Supplied data:
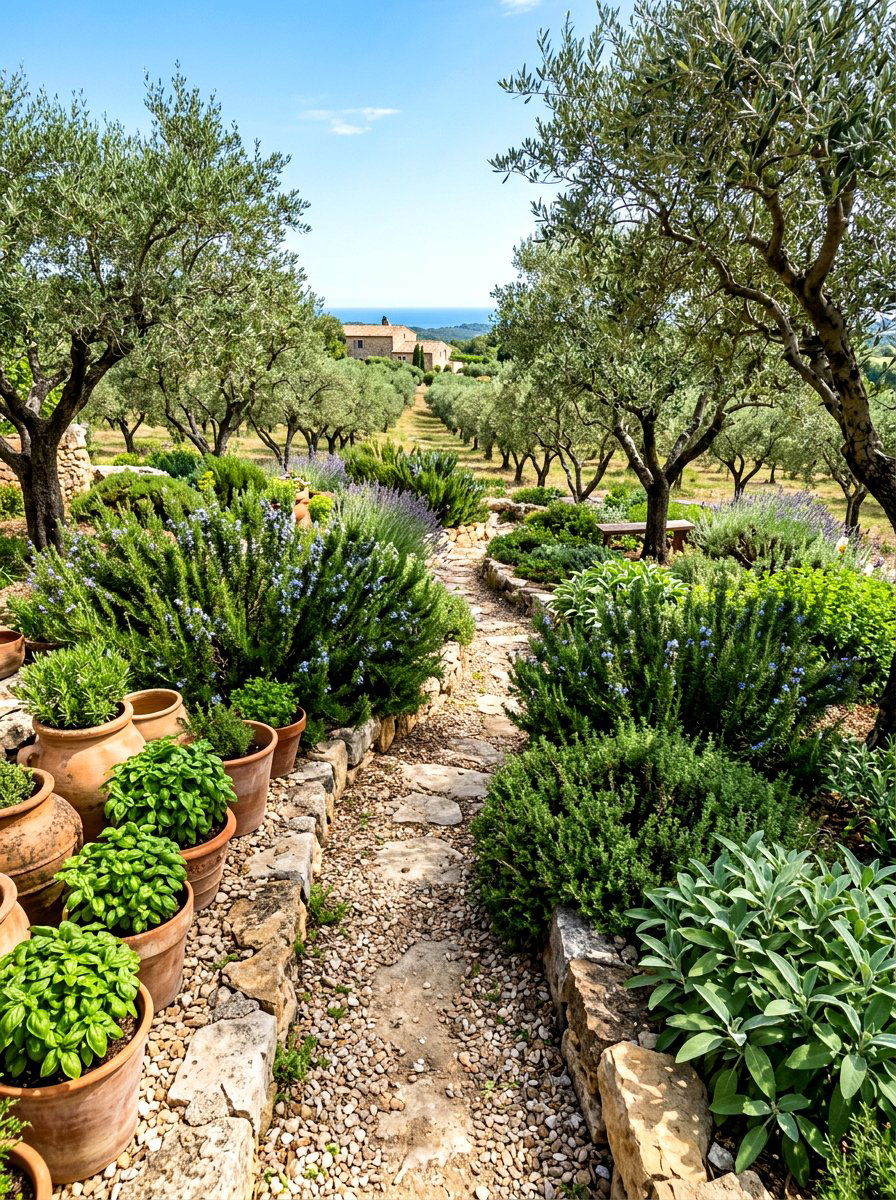 Mediterranean herb garden - 30 olive grove backyard ideas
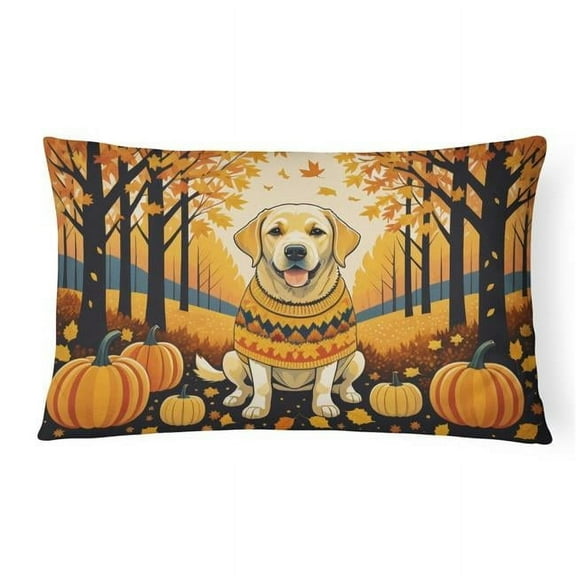 16 x 12 in. Unisex Yellow Labrador Retriever Fall Fabric Decorative Pillow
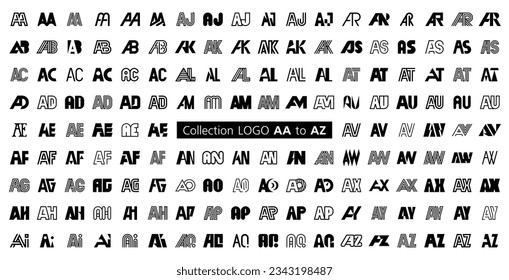 Kollektion LOGO AA bis AZ. Abstrakte Logos Mega-Kollektion mit Buchstaben. Abstrakte geometrische Logos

Task instructions: All lines above must be repeated exactly, and the pictures must be omitted.

Expected output:
 Mediterranean herb garden - 30 olive grove backyard ideas
 16 x 12 in. Unisex Yellow Labrador Retriever Fall Fabric Decorative Pillow
 Kollektion LOGO AA bis AZ. Abstrakte Logos Mega-Kollektion mit Buchstaben. Abstrakte geometrische Logos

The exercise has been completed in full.